I heard the story from Slim Gailliard originally, who said he got it from Jelly Roll himself (Slim might have stretched the truth a bit). That was in about 1960 when Slim was here in San Diego. However, I heard bits of the same story from Big Joe Turner who said he got it from Kid Ory. That was in about 1963 and San Diego’s own Fro Brigham had also heard the story about the Tent City. It’s a good story and one that somebody ought to do more research on.

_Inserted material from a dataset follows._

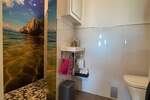 Etagenwohnung Wunstorf - 4 Zimmer, 96 m&sup2;, 249.990&euro; | Angebot:25746307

Slim was a great one for stories about the early days of jazz. He told another one that related to San Diego. It seems that Victor Records got the idea of bringing Fats Waller down to San Diego to be recorded playing “the world’s largest outdoor organ,” i.e., The Spreckles Organ in Balboa Park. However, some of the city fathers in the late 1930s didn’t want a black man’s fingers touching their precious organ and turned Victor down. Victor then arranged for Fats to go to France to play the “world’s second largest outdoor organ” and be recorded. It says on the issued record “Played on the world’s second largest outdoor organ (in, I think, Tours, France).” There is no mention of San Diego.
OUR LADY JEAN RITCHIE
Last month we got the news of the passing of one of the first ladies of traditional music: Jean Ritchie. I first saw Jean at a concert in Town Hall in New York in 1959. She was playing with Oscar Brand and Dave Sear. Later that summer I saw her at the Newport Folk Festival and became a devoted fan. In 1962 I was back in San Diego and she came here and played at the legendary Sign of the Sun bookstore. After that I had the good fortune to see her a couple more times at Newport (that’s Rhode Island not California), at the Berkeley and UCLA Festivals, at LA’s Ash Grove, and once at the University of Chicago Festival. When I started putting together the San Diego State Folk Festival I had Jean out here in 1972 and a couple of times after that. I also seem to remember she played at the San Diego Folk Heritage festival one year and I think at the Old Time Cafe.
At any rate this legendary Kentucky lady was a treasure trove of old ballads, party songs, and traditional Kentucky folksongs. She was one of those very unique personalities that just doesn’t come around much. It’s our good fortune that she left us with a whole pile of recordings to listen to. We are going to miss her. She was 89.